- **Problem to solve**: Leave every picture out and give back the lines below from the first through the line that holds "175 Chatham Road, Asheville, NC", exactly as written.

- **Entries supplied**:
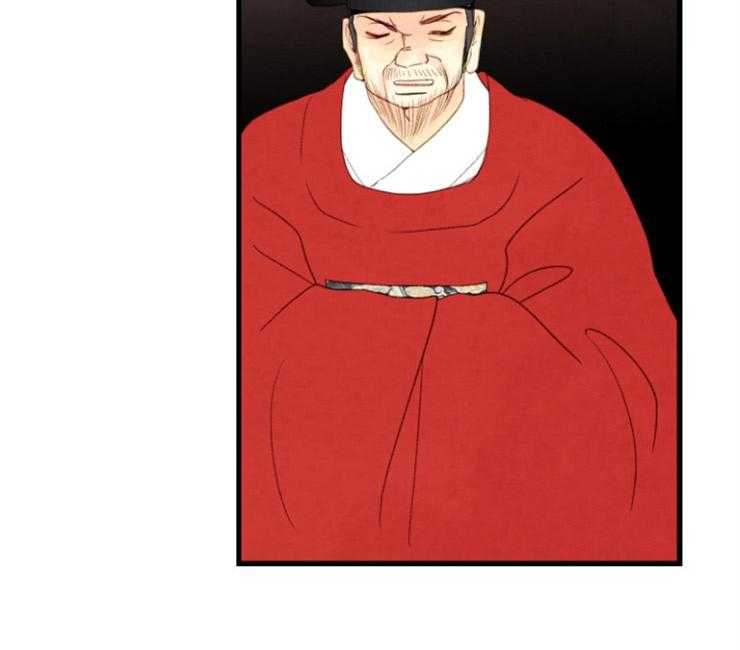 第130话_残日二日31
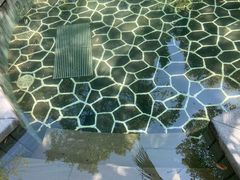 -海兰云天度假区温泉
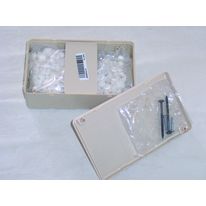 Piège-appât pour termites | Sentri Tech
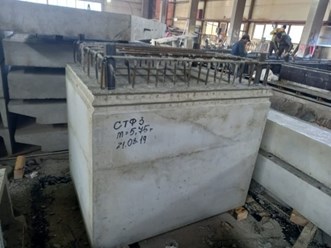 Фото компании ООО Объектстрой плюс 83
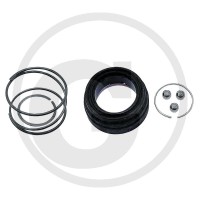 Walterscheid Zestaw naprawczy 395387264 - Sklep PoltechParts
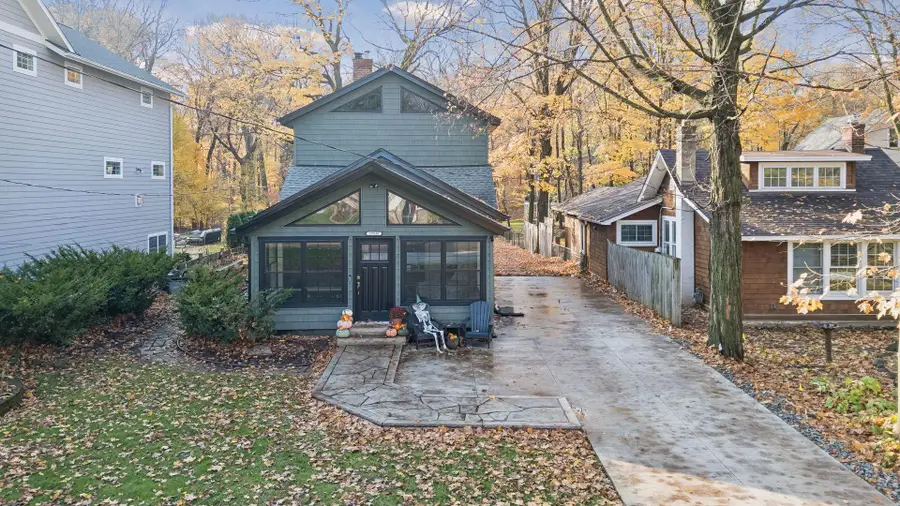 19045 Lake Avenue, Wayzata, MN 55391 - #2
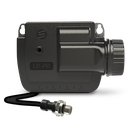 LR-PR 9V Connected Pressure Sensor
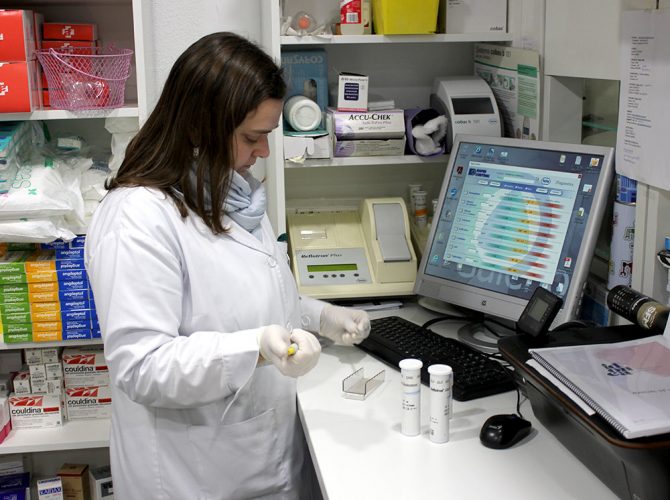 servicios2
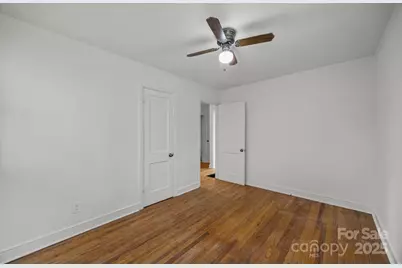 175 Chatham Road, Asheville, NC 28804 - Photo 26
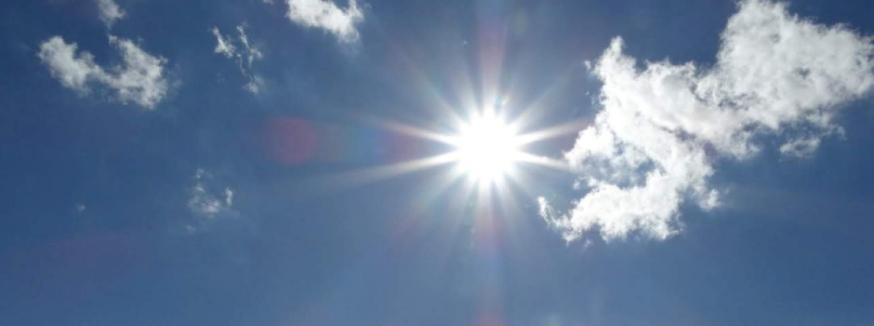 Dezembro Laranja refor�a preven��o e alerta para diagn�stico precoce do c�ncer de pele em Minas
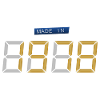 Made in 1978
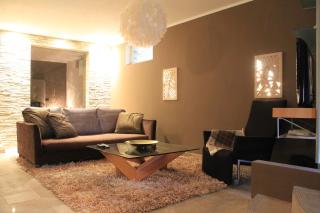 Jane's Dream Apartment - San Felice del Benaco - 7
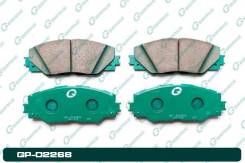 ������� G-brake GP-02268 Gbrake GP02268 GP02268 ����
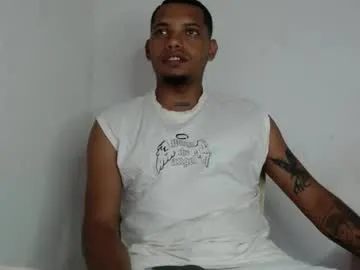 drako_monstercock Image 2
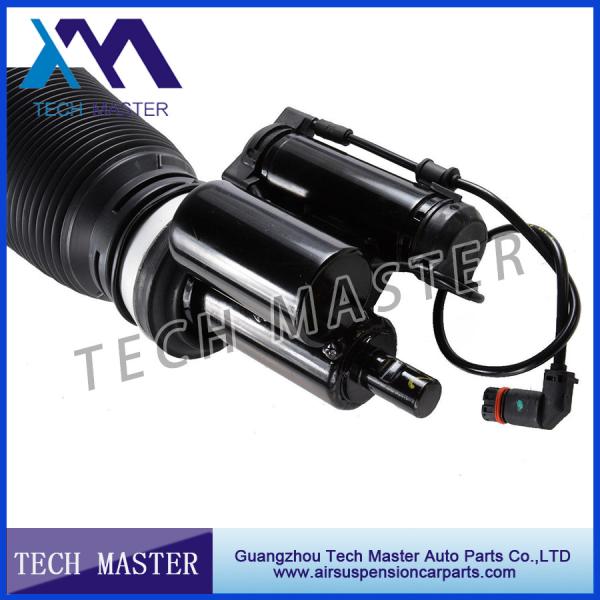 4 amortisseurs de suspension d'air de Matic 220 320 21 38 220 320 22 38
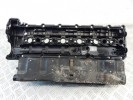 Клапанная крышка BMW X5-series (E53) 11 12 7 789 395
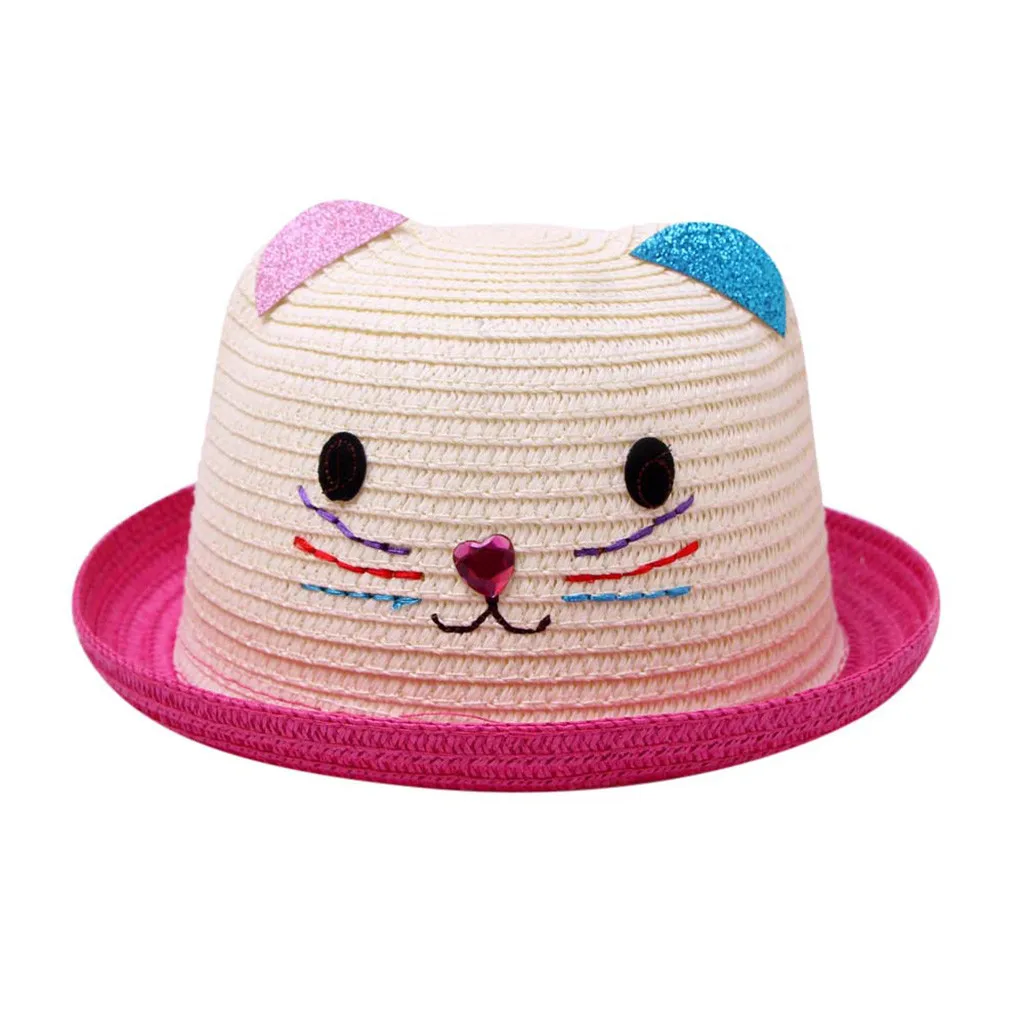 
Baby Hat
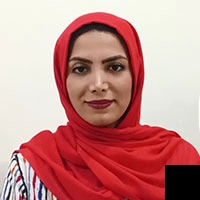 تلفن و آدرس دکتر مطهره مشرفی در بهشهر (روانشناسی)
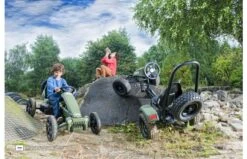 BERG Jeep® Adventure Pedal-Gokart -Berg Winkel a5bd33d4a00b6b265f04f9f5c63f5c315be676c48b34c4c9a6ece78b6e489044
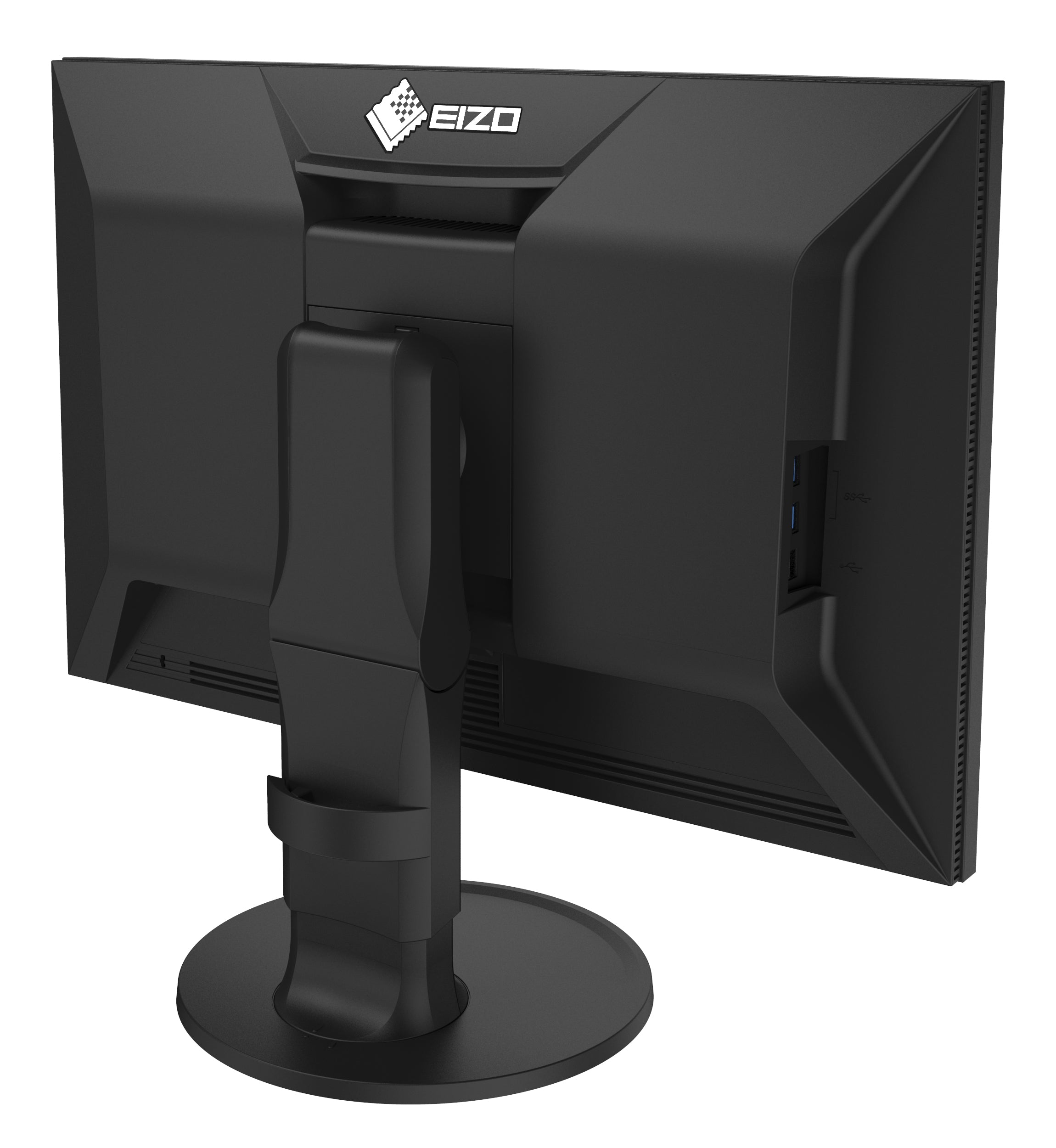 eizo-coloredge-cs2400s-moniteur-cr-atif-24-pouces-wuxga-usb-c-ergonomique image 6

- **Answer box**:
 第130话_残日二日31
 -海兰云天度假区温泉
 Piège-appât pour termites | Sentri Tech
 Фото компании ООО Объектстрой плюс 83
 Walterscheid Zestaw naprawczy 395387264 - Sklep PoltechParts
 19045 Lake Avenue, Wayzata, MN 55391 - #2
 LR-PR 9V Connected Pressure Sensor
 servicios2
 175 Chatham Road, Asheville, NC 28804 - Photo 26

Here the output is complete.